5 Mars Facts That Will Wow Your Kids

Unless you’ve been avoiding the news lately, you’ve probably been hearing a lot of info about the planet Mars. Between the new movie, The Martian and the surprising announcement that water was found on the planet, both the scientific community and us regular folks have a lot of reasons to be excited about the red planet.

 

While Mars is on the mind, go ahead and up your cool factor by learning these 5 Mars facts. Then, wow everyone around you with your new found knowledge, including your kids. Who knows, you might just pique their interest to learn more.

 

Ready for some cool Mars facts? Let’s blast off…
 

  1. Mars has seasons and experiences weather patterns such as winds, dust storms, frost, and fog.
  2. The Martian surface is home to both the largest known volcano and largest known canyon in the solar system.
  3. A surface feature that has remained in popular culture since its image surfaced is the “Face on Mars.” When this photograph was captured in 1976, many took it to be proof that alien life existed on Mars. However, further investigation showed that lighting (and a little imagination) are what brought life to the formation. (Read the story below for more on this.)
  4. It takes Mars about 24 hours 40 minutes to complete one full rotation, easily making the Martian day the closest in length to an Earth day.
  5. Riverbeds and gullies indicate that water ran, at least briefly, across the surface of Mars.
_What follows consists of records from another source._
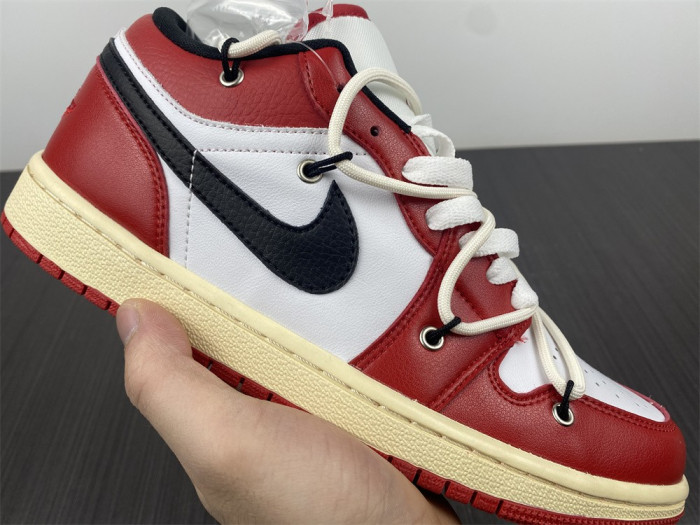 AIR JORDAN 1 LOW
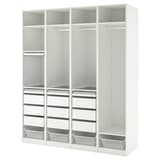 Offene Kleiderschränke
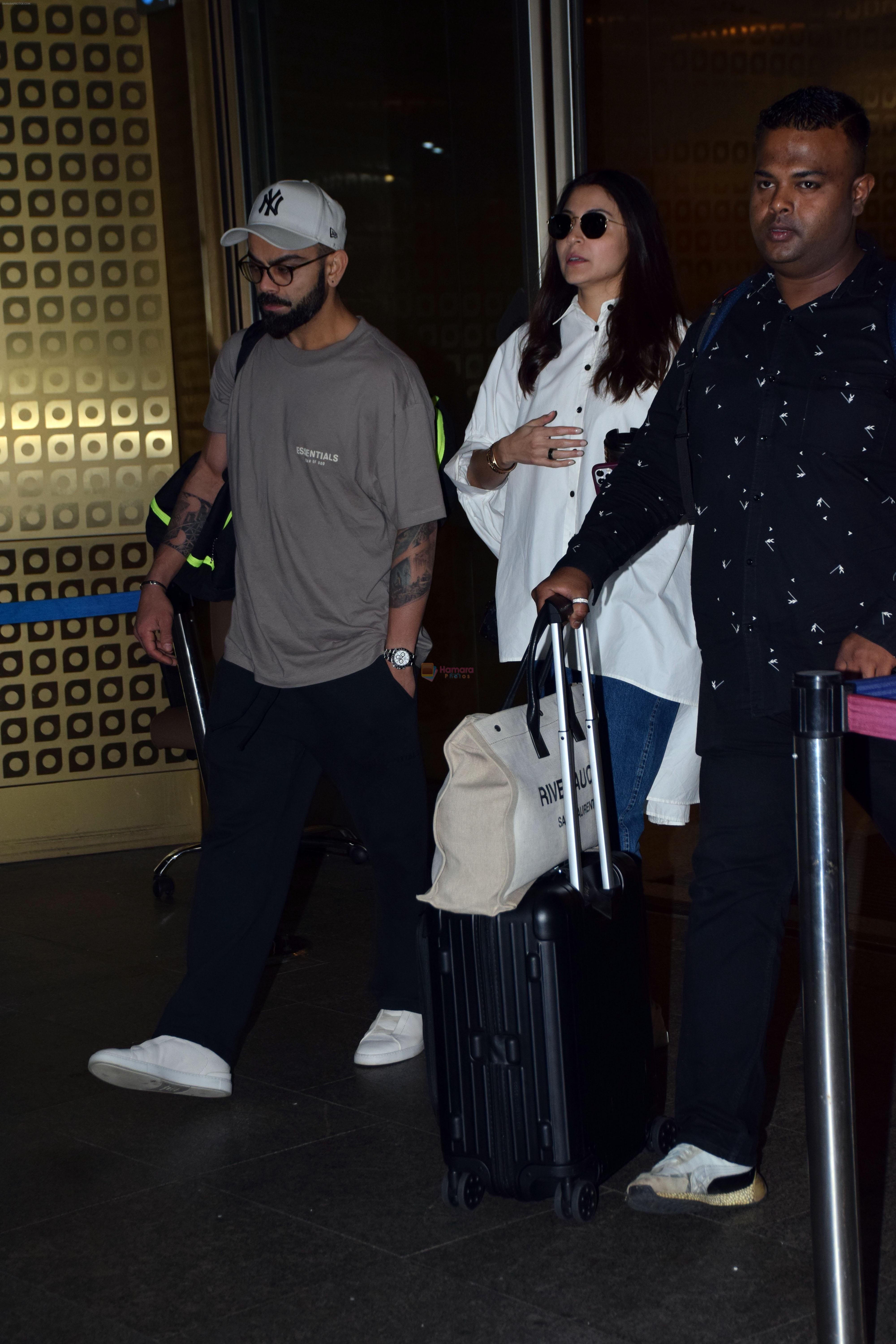 Anushka Sharma and Virat Kohli at Airport on 22nd May 2023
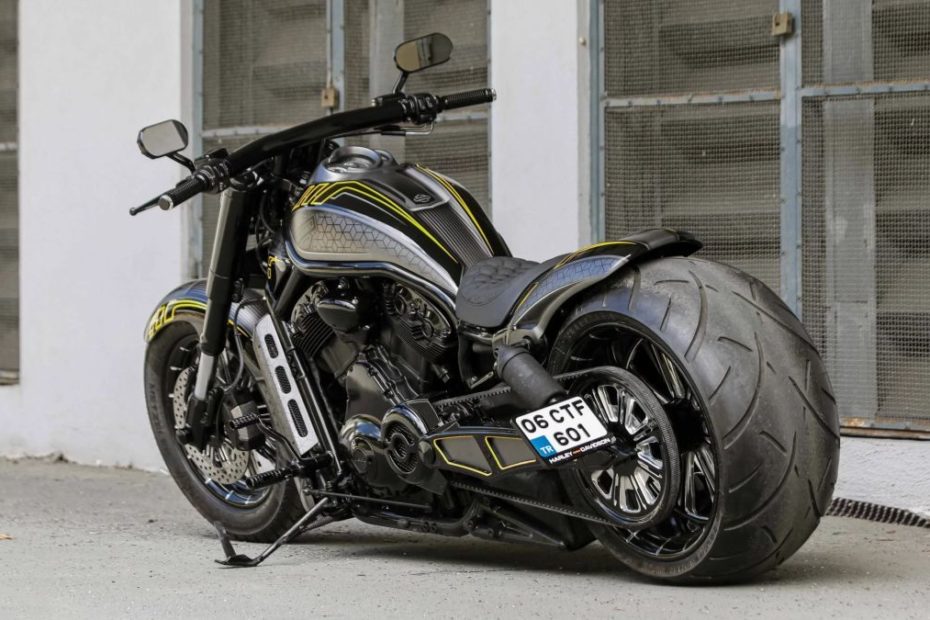 Harley-V-Rod-Muscle-Dante-by-Highway-Custom-Garage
Want to get to even more familiar with Mars?

 

Use a good telescope to get an up close and personal look at the red planet. And be sure to share the article below, Is There Life on Mars?, which was published a few years ago in Appleseeds.

 

Is There Life on Mars?
By Edna DeVore

 

Is there life on Mars? People have wondered about Mars since we first learned that it is a planet. We have been sending spacecraft and landers (spacecraft that can land on a surface) to look for life on Mars for more than 40 years.

 

One way to look for life is to make images of the surface of a planet. In 1976, NASA’s Viking 1 orbiter took photographs of Mars and sent a lander to the surface. In one image, there’s a feature that looks like a face on Mars. Look at the top photograph below. What do you see?

 

Face on Mars

Some people thought the “face on Mars” was evidence that extraterrestrials (ETs) had landed on Mars and built the “face” to let us know that. The Viking 1 scientists were sure that the “face” was simply light and shadows on a mesa. (A mesa is a flat-topped hill with steep sides.) From 1997 to 2007, NASA’s Mars Global Surveyor spacecraft orbited around Mars with a newer camera. Here’s an image from April of 2001. Now what do you see?

 

enhanced face on Mars

 

An even newer spacecraft, NASA’s Mars Reconnaissance, has been taking detailed images of Mars for more than five years. Now we can truly see what the “face on Mars” is. Sure enough, it’s a mesa of jumbled rock, not a face constructed by ETs.

 

Why did people think it was a face? People are good at finding patterns. We compare what we see with things we already know. We see shapes like bears or dragons or faces in clouds and on mountain ridges—just like people once thought they saw the “face on Mars.”